The major speed inhibiters are going to be how fast we can read from disk and how fast we can write to Postgres. Where this implementation shines is if you need to query other data sources for your ETL and expanding the structure in a uniform way. Or if the data you are pulling is coming from a network source that can send at speed and your writes are to a data store you can write at speed (for example, super fast distributed data stores). This is a little overkill for this tiny ETL file.
Index ¶
Constants ¶
This section is empty.
Variables ¶
This section is empty.
Functions ¶
func NewRequest ¶
NewRequest returns a new stagedpipe.Request object for use in the Pipelines. By convention we always have NewRequest() function. If NewRequest can return an error, we also include a MustNewRequest().
Types ¶
type Data ¶
type Data struct { // Tx is the transaction to use for the database update. Tx pgx.Tx // TxMutext protects Transaction writes. TxMutex *sync.Mutex // Rows is the input transformed into a []Row representation. Rows []Row }
Data is the data that is passed through the pipeline.
type Row ¶
type Row struct { Time time.Time `db:"time"` ViolDTTM string `csv:"violdttm" db:"-"` Business string `csv:"businessname" db:"business_name"` LicStatus string `csv:"licstatus" db:"license_status"` Result string `csv:"result" db:"result"` ViolDesc string `csv:"violdesc" db:"description"` ViolStatus string `csv:"violstatus" db:"status"` ViolLevel string `csv:"viollevel" db:"-"` Comments string `csv:"comments" db:"comments"` Address string `csv:"address" db:"address"` City string `csv:"city" db:"city"` Zip string `csv:"zip" db:"zip"` Level int `db:"level"` }
Row represents a row in the input CSV file. Differences from original:
Renamed some fields to Go standard, aka Violdttm became ViolDTTM Re-ordered struct to get a minor space savings (that in this case won't probably matter)
func (Row) DeString ¶
DeString converts certain Row fields such as ViolDTTM to Time and VioLevel into Level.
func (Row) InsertQuery ¶
InsertQuery generates the query and arguments needed to insert this Row into the database.
type SM ¶
type SM struct{}
SM implements stagedpipe.StateMachine. It holds all our states for the pipeline.
func NewSM ¶
NewSM creates a new stagepipe.StateMachine from SM. db is used to create a transaction.
func (*SM) Close ¶
func (s *SM) Close()
Close implements stagedpipe.StateMachine.Close(). It shuts down resources in the StateMachine that are no longer needed. This is only safe after all entries have been processed.
func (*SM) Start ¶
func (s *SM) Start(req stagedpipe.Request[Data]) stagedpipe.Request[Data]
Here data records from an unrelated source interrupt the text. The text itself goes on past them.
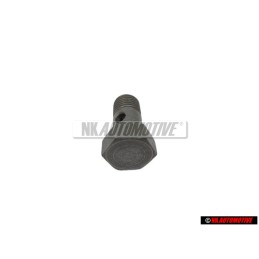 Original VW Banjo Bolt - N 0210755
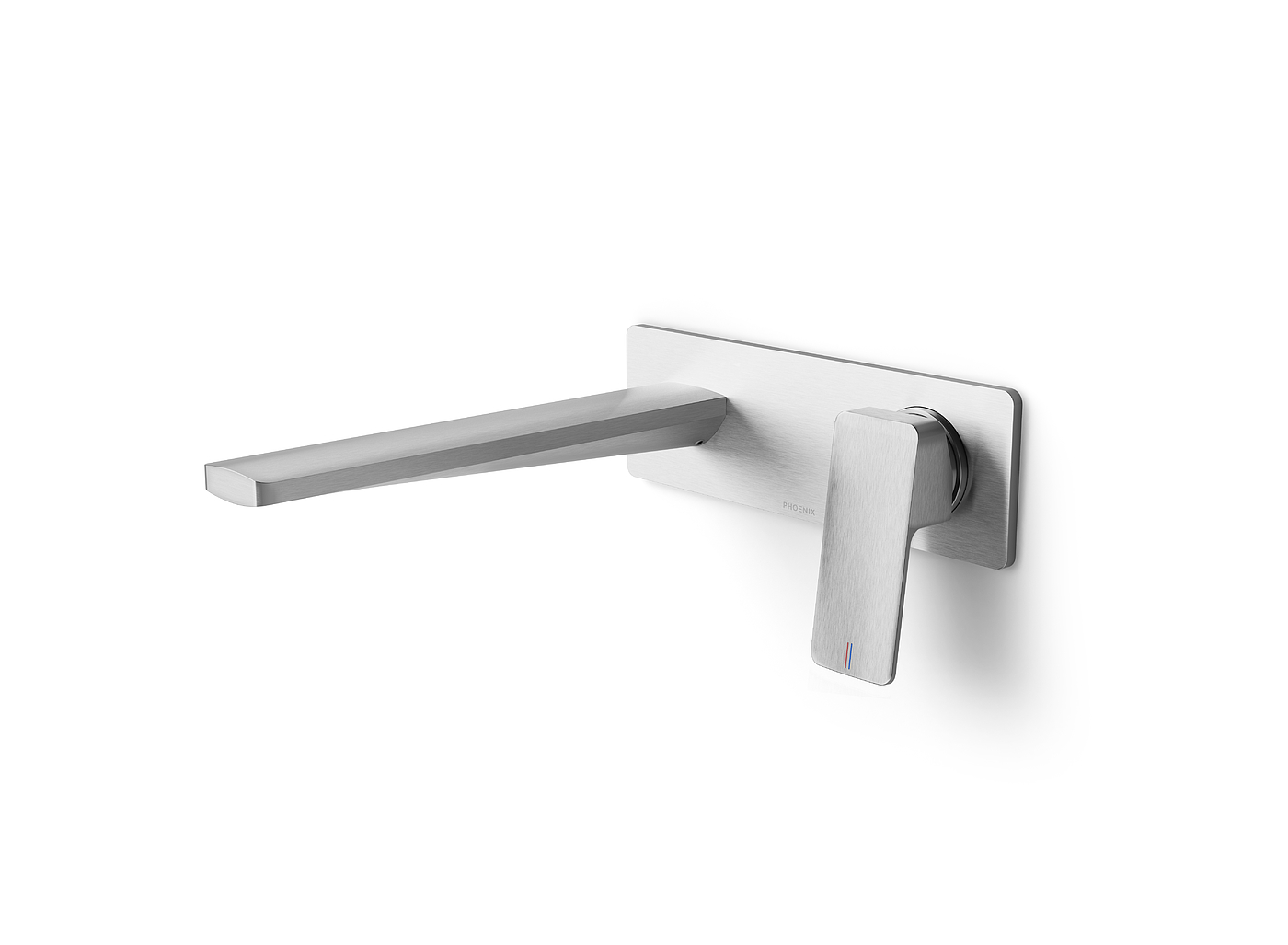 product design，bathroom，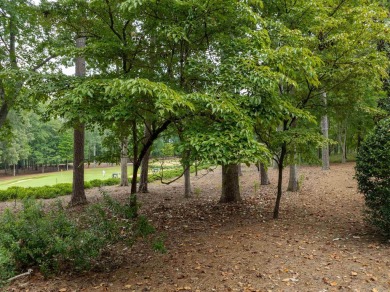 Welcome to this National Village II town home! This home has a on Reynolds Lake Oconee - The Oconee in Georgia - for sale on GolfHomes.com, golf home, golf lot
Start is the entry point (first stage) of the pipeline. In this case we simply send converts Row fields that are represented as strings into more concrete types such as int and time.Time.
func (*SM) WriteDB ¶
func (s *SM) WriteDB(req stagedpipe.Request[Data]) stagedpipe.Request[Data]
WriteDB takes the rows in the data and writes it via our transaction to the database.